This is an experiment in using a chatbot to query my resume. I am using the following packages:💬

FAISS 👩‍💻 Facebook AI Similarity Search is a popular library that allows developers to quickly search for embeddings of multimedia documents that are similar to each other. We will use it to quickly search through CVs and recommendation letters to find relevant text fragments.

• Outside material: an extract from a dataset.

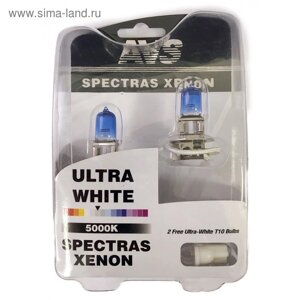 Лампа автомобильная AVS SPECTRAS Xenon 5000K, H3, 12 В, 75 Вт,T10, набор 2 шт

LangChain 🦜🔗 LangChain is a framework designed to simplify the creation of applications using large language models (LLMs). It’s use-cases overlap with those of language models in general, including document analysis and summarization, chatbots, and code analysis.

This notebook based upon the medium article at:https://blog.gopenai.com/transform-your-cv-into-an-interactive-chatbot-with-llm-faiss-and-langchain-64263241d46d

I have updated it to use cpu only as the requirements for the faiss-gpu changed and made the whole notebook unusable.

In [None]:
# STEP 1: Install dependencies
!pip install --quiet faiss-cpu langchain langchain-community transformers sentence-transformers pypdf

# STEP 2: Import libraries
from langchain_community.vectorstores import FAISS
from langchain_community.embeddings import HuggingFaceEmbeddings
from langchain_community.document_loaders import PyPDFLoader
from langchain.text_splitter import CharacterTextSplitter
from langchain.chains import RetrievalQA
from langchain.llms import HuggingFacePipeline
from transformers import pipeline
from google.colab import files
import os

# STEP 3: Upload your resume (PDF)
print("📄 Upload your resume PDF")
uploaded = files.upload()
resume_path = list(uploaded.keys())[0]

# STEP 4: Load and split the resume into chunks
loader = PyPDFLoader(resume_path)
pages = loader.load()

splitter = CharacterTextSplitter(separator="\n", chunk_size=500, chunk_overlap=50)
docs = splitter.split_documents(pages)

# STEP 5: Create embeddings and FAISS index
print("🔍 Creating vector index from resume...")
embeddings = HuggingFaceEmbeddings(model_name="sentence-transformers/all-MiniLM-L6-v2")
db = FAISS.from_documents(docs, embeddings)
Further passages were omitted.